Trump intensifica disputa global por minérios e mira riquezas minerais brasileiras em 2025
em 27 de julho de 2025 às 08:01Uma nova faísca no já tenso cenário entre Brasil e Estados Unidos veio à tona: Donald Trump, presidente americano, aumentou o interesse sobre os minérios estratégicos brasileiros, justamente no momento em que tarifas pesadas sobre exportações nacionais ameaçam entrar em vigor em 1° de agosto de 2025. O fato ganhou repercussão após declarações firmes do presidente Luiz Inácio Lula da Silva, defendendo a soberania nacional sobre as riquezas minerais durante evento em Minas Gerais.
Com a corrida internacional por minerais críticos acelerando, incluindo lítio, nióbio e principalmente terras-raras, o Brasil se vê no epicentro de uma batalha bilionária que define o futuro de setores de tecnologia, energia e defesa. Descubra como Trump projeta os Estados Unidos nesse tabuleiro geopolítico, por que as reservas brasileiras são tão cobiçadas e quais as possíveis consequências dessa disputa para o país.
O que você vai ler neste artigo:
Minérios estratégicos viram peça-chave no jogo das potências
O interesse global por minerais estratégicos não é novo, mas atingiu outro patamar em 2025. Lítio, cobre, manganês e, sobretudo, terras-raras são hoje pilares de indústrias que vão desde a fabricação de carros elétricos até armamentos de última geração. Um relatório recente da Unctad, agência da ONU, aponta que a demanda por alguns desses minérios pode subir até impressionantes 1.500% até 2050. Com a produção mundial ainda longe desse ritmo, países correm para garantir acesso às reservas mais promissoras.

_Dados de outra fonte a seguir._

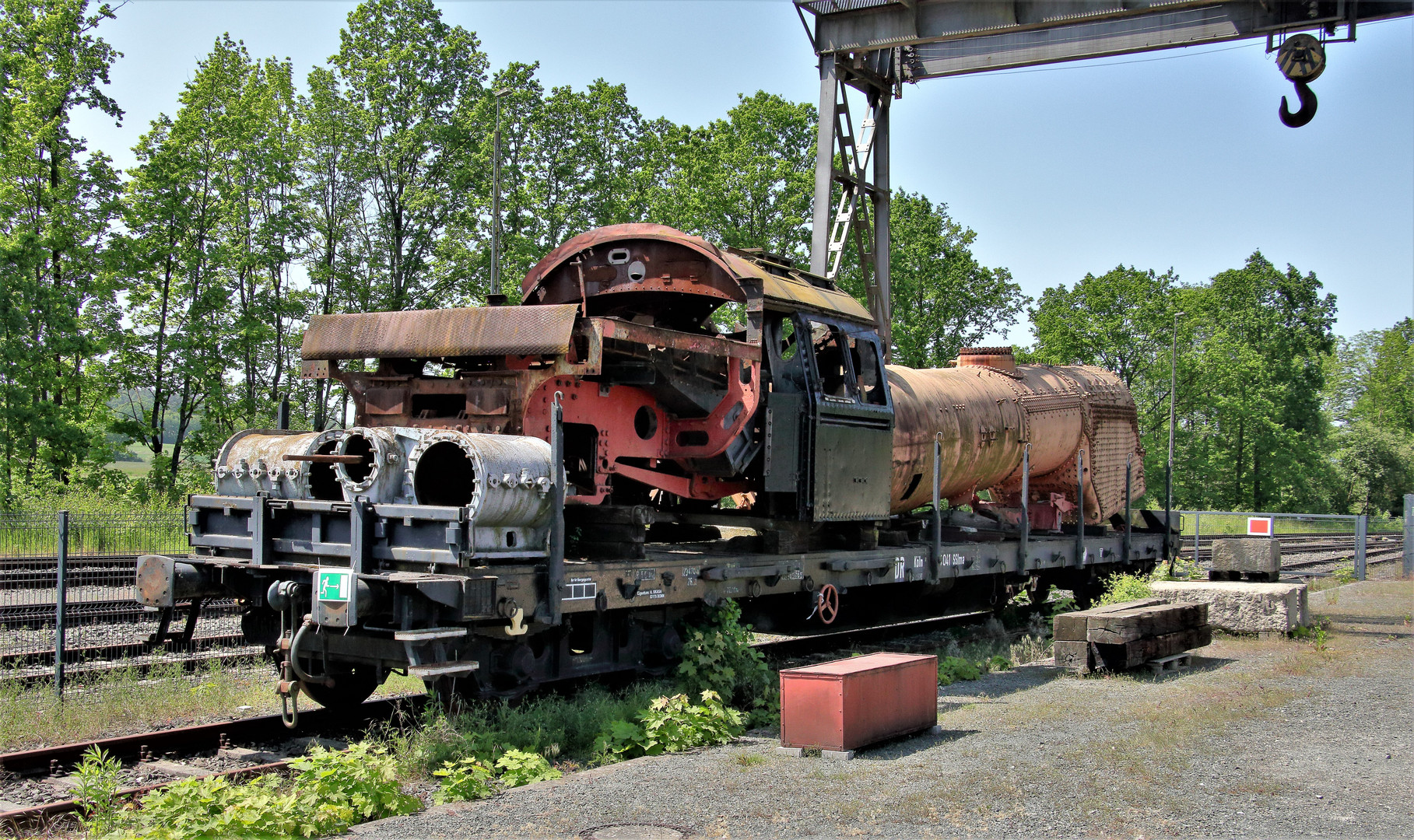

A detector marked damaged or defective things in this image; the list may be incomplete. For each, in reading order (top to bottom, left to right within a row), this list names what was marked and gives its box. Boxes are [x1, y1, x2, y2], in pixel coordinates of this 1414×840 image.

rusty boiler barrel [888, 345, 1142, 517]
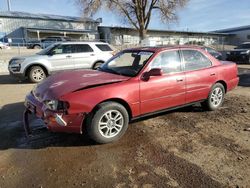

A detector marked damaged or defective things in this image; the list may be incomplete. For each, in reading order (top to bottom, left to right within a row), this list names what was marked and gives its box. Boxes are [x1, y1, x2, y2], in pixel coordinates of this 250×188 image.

crumpled front bumper [23, 91, 86, 137]
damaged red sedan [24, 46, 239, 143]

Em resposta à pressão internacional, Lula subiu o tom: “Temos nosso ouro para proteger. Temos todos esses minerais ricos para proteger, e aqui ninguém põe a mão. Este país é do povo brasileiro”. A fala mira diretamente as movimentações recentes do governo Trump, que busca ampliar o controle sobre minerais críticos globalmente — e tem o Brasil no radar.
Estados Unidos buscam alternativa à China e pressionam Brasil
O movimento americano faz parte de uma estratégia para reduzir a dependência da China, hoje principal produtora e processadora de terras-raras. A China responde por cerca de 60% da extração e 90% do refino mundial desses elementos, essenciais para aparelhos eletrônicos de ponta, painéis solares e equipamentos militares. De olho no cenário, Trump assinou em março um decreto ordenando o aumento da produção doméstica de minérios críticos e intensificou a busca por fontes alternativas — inclusive em solo brasileiro.
Esse novo capítulo ganhou holofotes após reunião entre representantes americanos e o Instituto Brasileiro de Mineração (Ibram). Os EUA querem negociar diretamente com o setor empresarial brasileiro, mas receberam como resposta a necessidade de interlocução estatal, reforçando o controle nacional sobre contratos do tipo.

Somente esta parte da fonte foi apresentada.